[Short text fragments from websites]
=== Begin Enclosure ===

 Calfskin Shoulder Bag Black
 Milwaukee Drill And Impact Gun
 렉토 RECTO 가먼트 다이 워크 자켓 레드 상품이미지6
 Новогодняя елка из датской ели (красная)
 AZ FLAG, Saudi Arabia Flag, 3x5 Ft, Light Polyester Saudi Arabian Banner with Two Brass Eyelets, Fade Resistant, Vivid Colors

=== End Enclosure ===
=== Begin Enclosure ===

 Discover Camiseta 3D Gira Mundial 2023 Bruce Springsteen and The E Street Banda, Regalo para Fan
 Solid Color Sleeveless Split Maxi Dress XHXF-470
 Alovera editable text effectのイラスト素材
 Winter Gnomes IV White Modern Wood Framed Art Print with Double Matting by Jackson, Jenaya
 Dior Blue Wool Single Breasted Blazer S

=== End Enclosure ===

Nothing but the lines above from the one containing "Solid Color Sleeveless" through the one containing "Dior Blue Wool Single Breasted Blazer S" should appear in the answer, each repeated exactly.

ANSWER SECTION:
 Solid Color Sleeveless Split Maxi Dress XHXF-470
 Alovera editable text effectのイラスト素材
 Winter Gnomes IV White Modern Wood Framed Art Print with Double Matting by Jackson, Jenaya
 Dior Blue Wool Single Breasted Blazer S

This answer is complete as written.